After tracking many people in this manner, the golf company could build a database of its visitors' interests, and adjust its advertising focus accordingly. Therefore, the next time I visit their site, I may just find that they are offering a free CD player with every purchase. (Hold on, let me go get my credit card…)

The New Rules

Before the new rules took effect, Web companies had few guidelines as to when and how they could use online profiling to build databases about their customers. Predictably, this caused concern among various privacy watchdog groups, and the government began to consider heavy-handed legislation to curb the use of online profiling.

In an effort to make the Web a kinder, gentler place without the need to resort to legislation, eight of the leading Internet ad networks (24/7 Media, AdForce, AdKnowledge, Avenue A, Burst! Media, DoubleClick, Engage and MatchLogic) teamed with the FTC to develop rules that prevent companies from abusing the information they receive through online profiling.

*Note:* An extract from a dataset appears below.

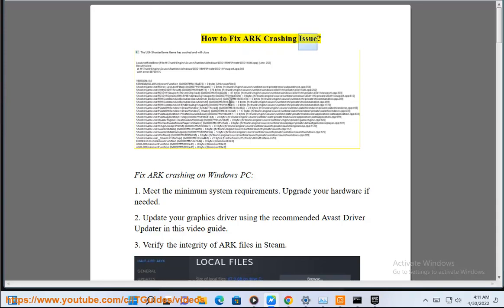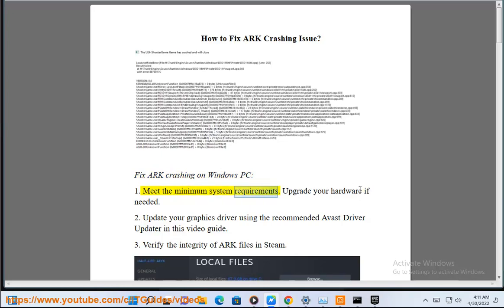How to fix ARK crashing issue. Fix ARK crashing on Windows PC. 1. Meet the minimum system requirements. Upgrade your hardware if needed. 2.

The result of their effort was a set of four self-regulatory principles. These principles not only require you to tell your customers about your online profiling activities, but also require you to give your customers the option to choose whether you can store and use their online habits and interests. The specifics follow.

First, the rules provide that you must tell your customers if you use online profiling to track their online interests and hobbies. If you collect personally identifiable information about them, such as their names, addresses or telephone numbers, your website must clearly and unambiguously notify them of this fact before you collect this information.

Second, your customers must be given a choice on participation in profiling. Under the rules, the choice method that you offer depends on the type of information you wish to collect.

For example, if you want to link personally identifiable information that you already know about a customer--such as a name, address or telephone number--with data you just acquired (such as the fact that your customer just visited ""), the customer must first "opt in." This means that you must receive your customer's permission before linking the pieces of information together. If you simply want to merge non-personal data about your customers, you only have to give your customers the ability to "opt out" before doing that.

Third, the rules provide that your customers must be given reasonable access to any personally identifiable information that you keep about them for profiling. This one could be your worst nightmare.

It may mean that you have to spend significant amounts of time and money to run a search of your entire database upon the request of anyone who asks you to do so. If your business is large enough, you may find it necessary to hire additional staff to conduct these searches on a full-time basis. Ouch.

Having said that, I suspect that over the next few months, we'll see software solutions develop that will allow you to comply with the "reasonable access" problem with little or no human intervention.

Finally, the rules require you to make reasonable efforts to protect the data you collect for profiling purposes from loss, misuse, alteration or improper access. Of all the rules, this is the least controversial because you're probably doing this anyway. And if you're not, then the rule is good medicine for you. You should be protecting your data regardless of what any rule tells you to do.

You Need to Comply Now

This is important stuff. If you don't think so, ask yourself this: When was the last time that eight of the largest companies in any industry not only agreed with each other, but also agreed with the federal government? It doesn't happen often. So if your business does online profiling of its customers, then implementing the new rules should be on your short list of things to do.

The simple fact is that online privacy is becoming an increasingly regulated area. You're going to need to get with your e-commerce lawyer to insure that you're in full compliance immediately.